Why can't ESXi and/or HA handle APD situations properly?

Hi. I'm designing a vSphere 5.1 solution for a customer that wants a high uptime of its VMs and services (like everyone else), and want to enable this by putting two sets of ESXi hosts, EMC VPLEXes and VNXes in two different (low-latency between them) sites.

Most of the crash test cases will work well, but in the case of APD due to for example both FC switches crashing or zoning getting misconfigured, nothing will make the zombie VMs (that don't have disk access anymore) get restarted in the second site.

The KB article Permanent Device Loss (PDL) and All-Paths-Down (APD) in vSphere 5.0 talks about the difference between PDL and APD.

If the issue results in a PDL, everything is fine and the VMs can get killed and restarted by HA if the settings "disk.terminateVMOnPDLDefault" and "das.maskCleanShutdownEnabled" are set to True. (More info in http://www.yellow-bricks.com/2012/04/25/what-is-das-maskcleanshutdownenabled-about/)

But in an APD situation, nothing will happen(!) The ESXi host(s) will go into an endless loop (or 140 seconds if setting "Misc.APDHandlingEnable" to True), get completely useless and rather unreachable, disconnect from the vCenter Server, prevent vMotioning, but they will insist on keeping their VMs running.

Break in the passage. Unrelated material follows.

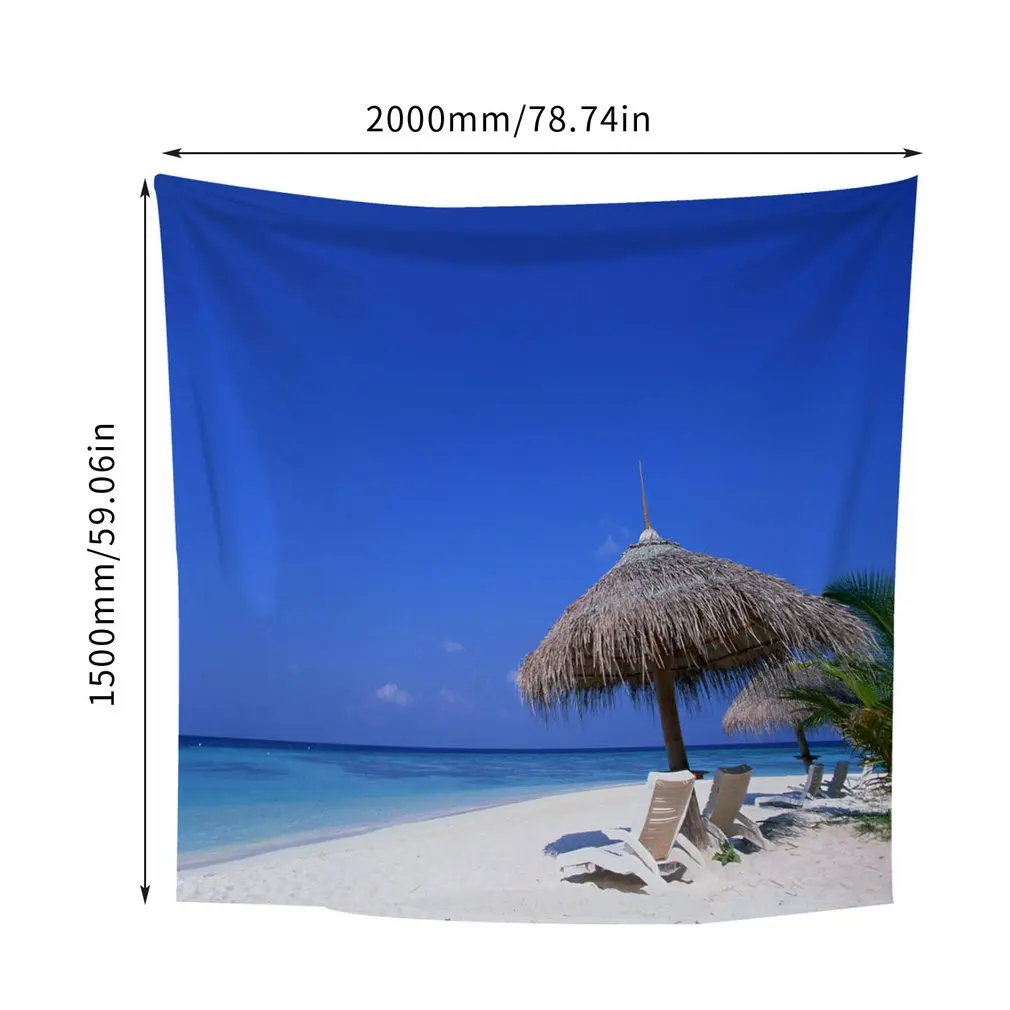 Вид на море 56 квадратных 2 0*1 5 м Настенный Ковер украшения спальни красивый пейзаж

The main problem here is that HA will (if I understand correctly) just sit by and watch, since all it cares about is the hosts' FDM heartbeats, not the health of the VMs or their network or storage connectivity. This is even if VM monitoring is enabled, since all it checks is the VMwareTools-to-host heartbeat.

Perhaps we have to invent an VM monitoring app that monitors the VM's disks and interfaces with HA Application monitoring..

Please tell me if there is something I am missing or misunderstanding in my story above.

Suggestion: Make HA check the actual health of the VMs, such as their network and storage connectivity, rather than only the FDM heartbeats.

Thanks in advance!

Reply
0 Kudos
2 Replies
hennish
Hot Shot
Hot Shot

I think I found the answer: This can't be solved in today's version, but might be solvable in an upcoming one:

http://www.yellow-bricks.com/2012/09/05/inf-bco2807-vsphere-ha-and-datastore-access-outages/

I also viewed INF-BCO2807 briefly and concluded the same thing that Duncan wrote in his post.

Reply
0 Kudos
3CV
Enthusiast
Enthusiast

We had a situation where I needed VMs in an APD state to shut down to enable fast failover so the redundant pair of each VM on a 2nd Host and SAN could take over the service.  I had to script it, so that I run a script from crontab every minute and scan the SANs for the presence of the datastores by writing a small text file.  Exit code of 0 means success.  Anything else shuts the VMs on that SAN.  Works perfectly, with VMs powering off in less than 45 seconds. 

Reply
0 Kudos